— Par Michèle Bigot —
Qu’il est étrange d’assister à une représentation du texte adapté de Camus au lendemain d’un premier tour des élections portant le RN en tête des suffrages et dans l’attente d’un deuxième tour ne promettant guère de lendemains qui chantent. Alors même que ce texte fut écrit en février 1941 au lendemain de la défaite de la France face au nazisme triomphant. Peut-on y puiser quelque espoir?
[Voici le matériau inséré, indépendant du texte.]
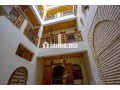 riad-de-150m2-titre-mueble-en-assouel-small-5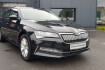 Skoda Superb Ambition combi ambition iv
Oui et non, répondra la critique pondérée. Oui, car cette adaptation est un hymne au théâtre et à l’humanisme en général, en forme de pied-de-nez au totalitarisme qui monte. Pierre Martot qui incarne à merveille la figure de l’homme absurde portant son désespoir et sa révolte en étendard, illuminant notre nuit d’une lucidité vengeresse, portant haut la fierté des humains, laquelle consiste à accepter sa condition en dehors de toute transcendance. En tant qu’homme de théâtre, Camus voit dans l’art dramatique et le jeu des acteurs une parfaite image de l’humaine condition, se résumant au corps qu’il incarne dans sa finitude consentie et même revendiquée. En ce sens Pierre Martot continue et sublime ce message , par son jeu épuré quoique fortement incarné, sa diction claire, sa gestuelle éloquente non moins que par le jeu avec les rythmes et les tonalités.